Tong Zhou in their friend’s studio. Photo by Paulina Bereza

The artist’s work engages with Chinese culture and aesthetic

I first met Tong Zhou Annie Lafrance in an art history class in 2019 where we were seated beside each other by chance. I remember being fascinated by the proportion of little drawings in their notebook compared to the small quantity of notes. We ended up working together for the whole semester on a project about artist Françoise Sullivan. The project gave us the chance to discover each other’s artistic styles. Now that we have both graduated, I was interested in learning more about where their artistic practice had taken them.

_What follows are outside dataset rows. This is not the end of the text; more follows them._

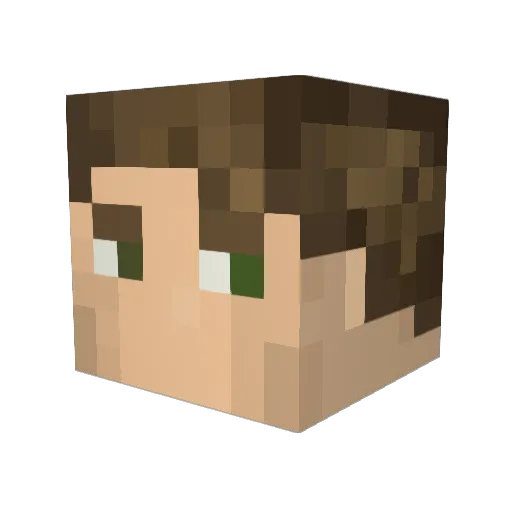 tillytee Minecraft avatar head, 3D render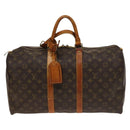 LOUIS VUITTON Monogram Keepall 45 Boston Bag M41428 LV Auth 135859-13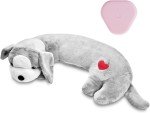 Heartbeat Toy for Dog Anxiety Relief - Grey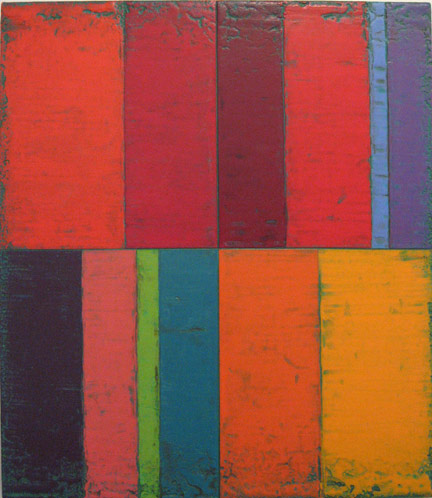 Steven Alexander, Calypso Rose, 2009, acrylic on canvas, 30x30 inches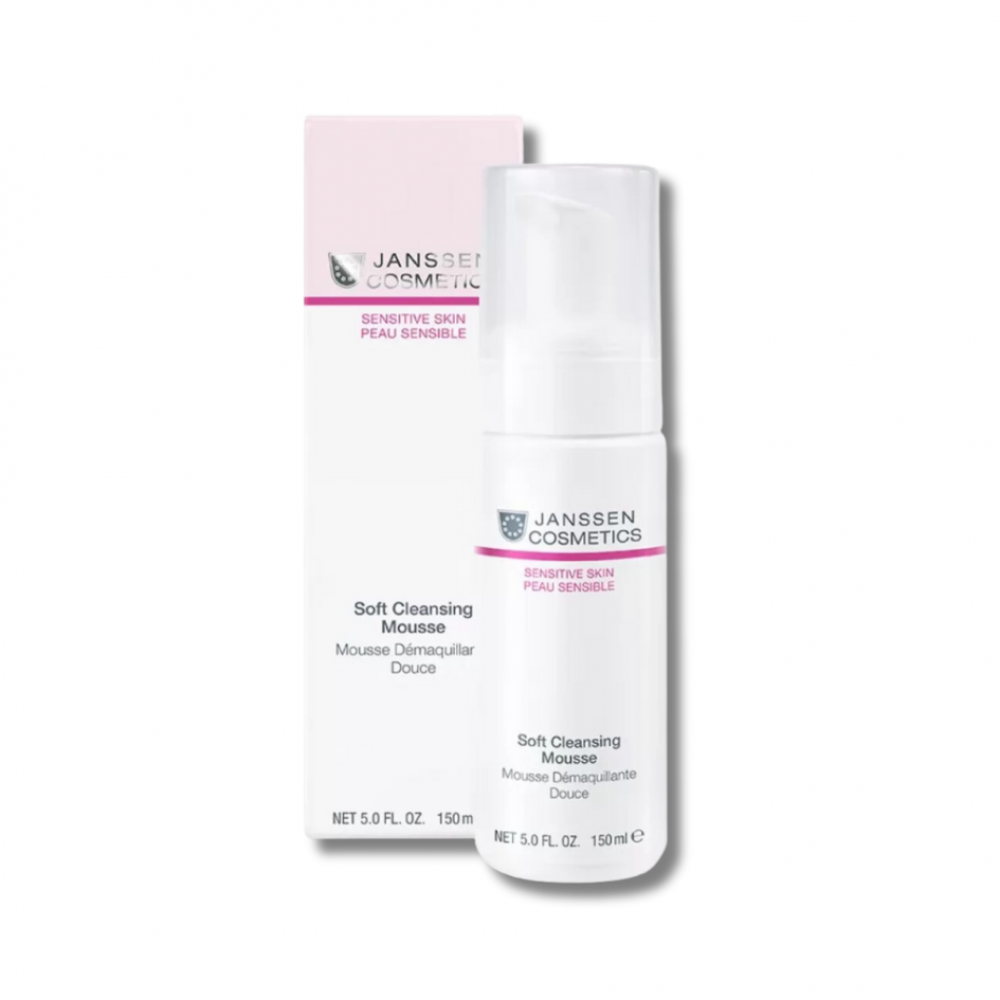 Нежный мусс для умывания - Janssen Cosmetics Sensitive Skin Soft Cleansing Mousse фото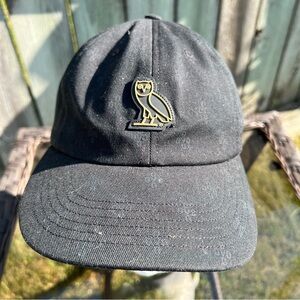 October’s Very Own OVO Dad Hat Black Owl Logo Adjustable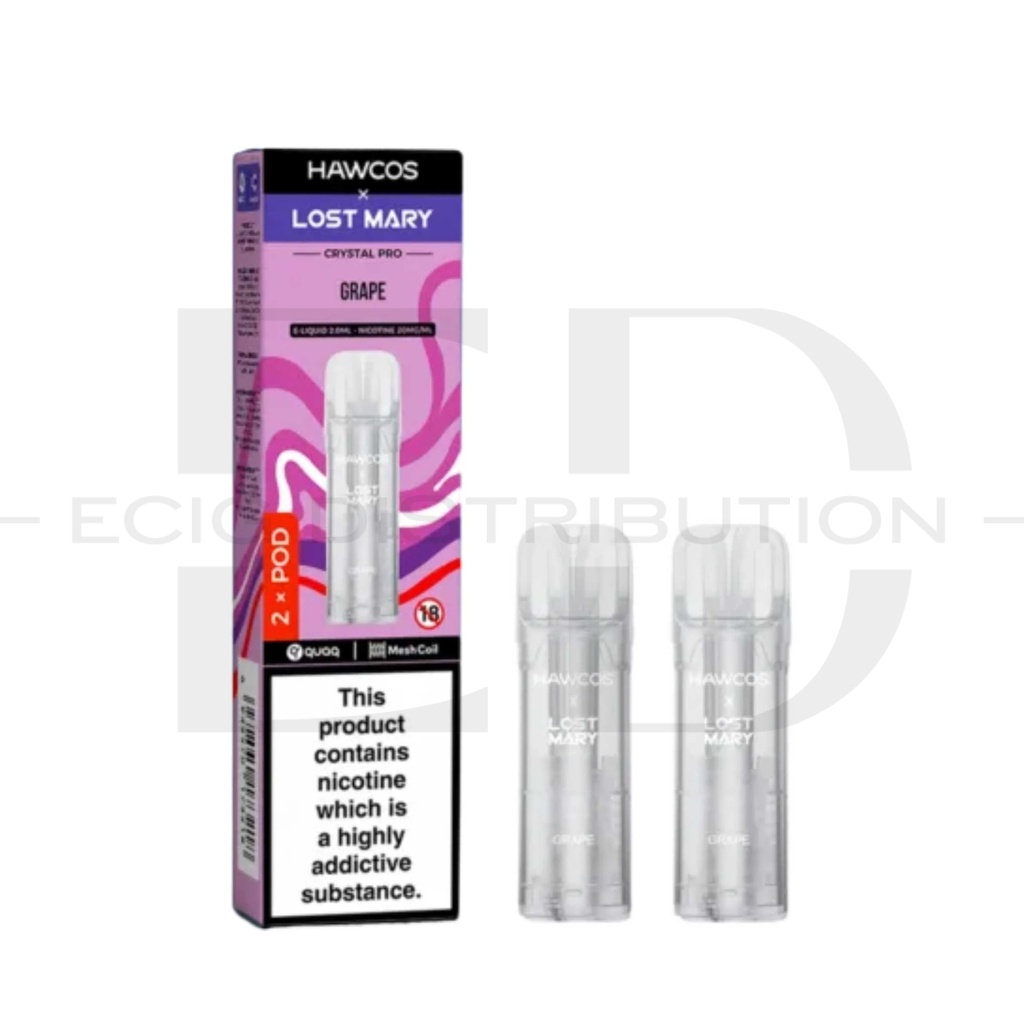 Lost Mary Hawcos Crystal Pro Refillable Pod 2Pcs/Pack - Grape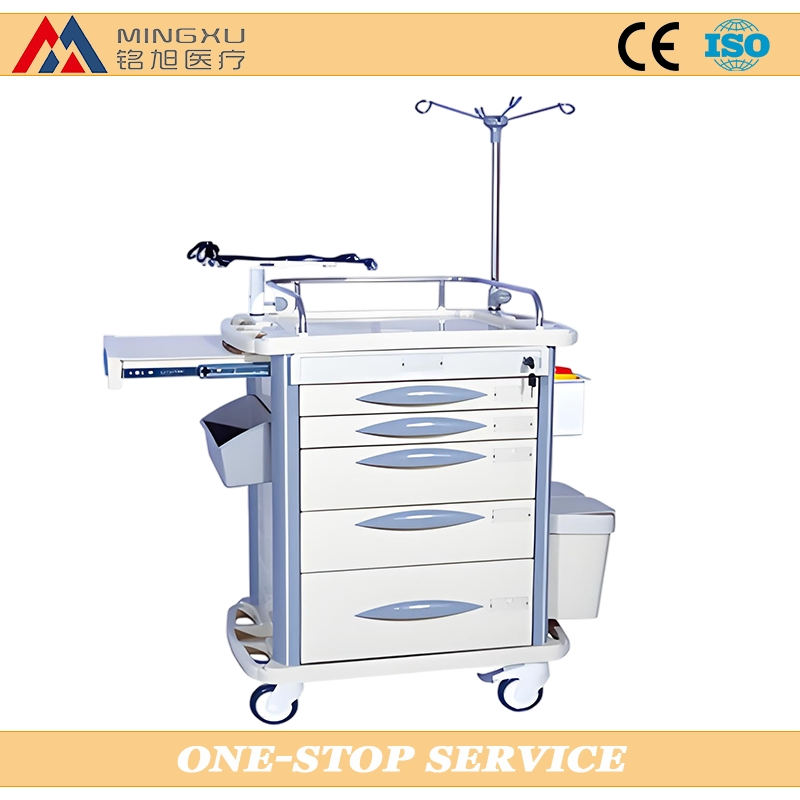 Reliable Resuscitation Crash Cart with Ample Storage for Hospitals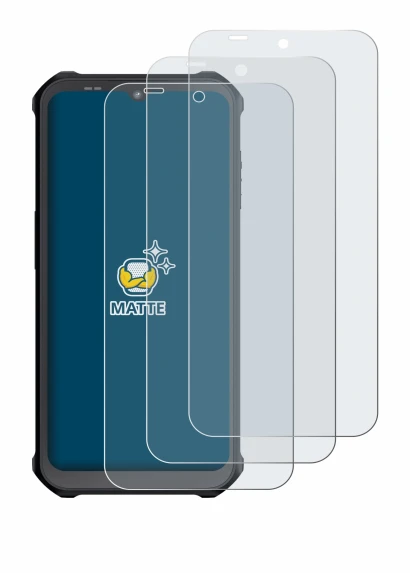 Image of the device Sonim XP400 with a wide variety of screen protectors.
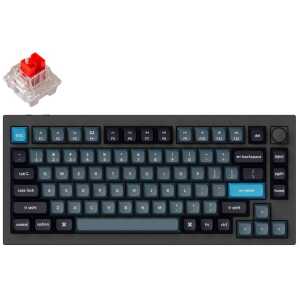 Keychron Q1 Pro (Q1P-M1) QMK/VIA Wireless Custom Mechanical Keyboard-Red Switch 75% US Layout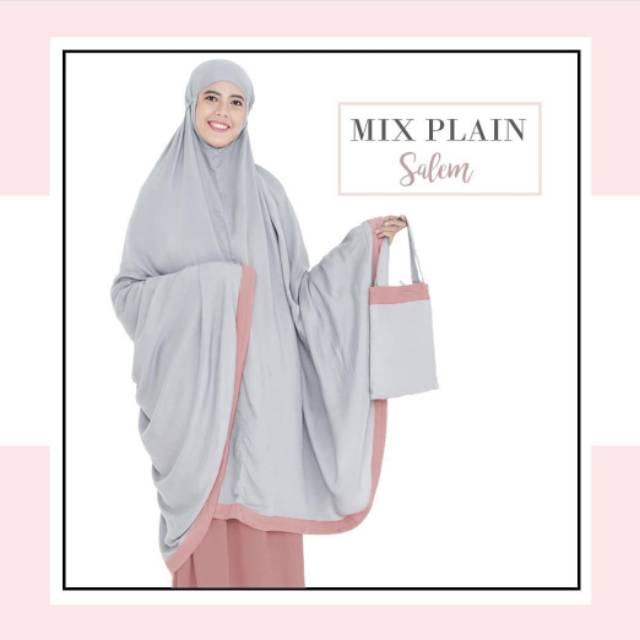 Mukena Polos Salwa Part 5 Mukena Bahan Rayon Super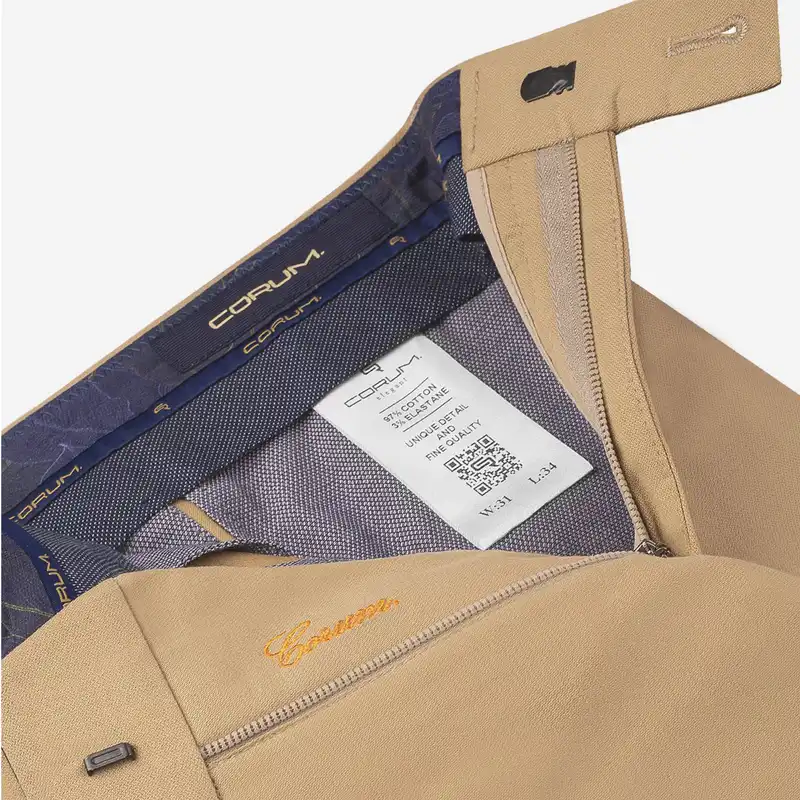 شلوار مردانه کروم مدل کتان 2312701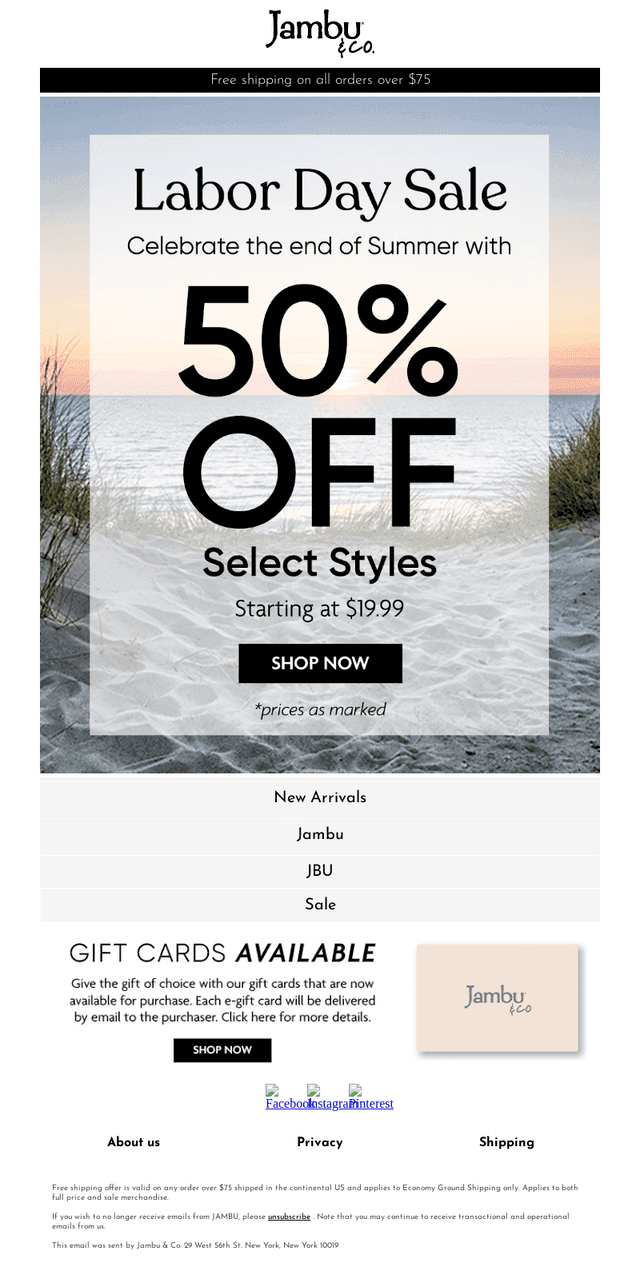 Final Hours! 50% OFF Labor Day Sale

Living between Montreal and Quebec City, Tong Zhou is a multidisciplinary artist. They graduated from Concordia’s Studio Arts department in 2021. As a Chinese adoptee, they now nurture the dream of pursuing their studies in China. Our discussion revolved around their desire to explore the traces left by adoption through the different projects they are involved in.

The Concordian: How would you describe your artistic practice?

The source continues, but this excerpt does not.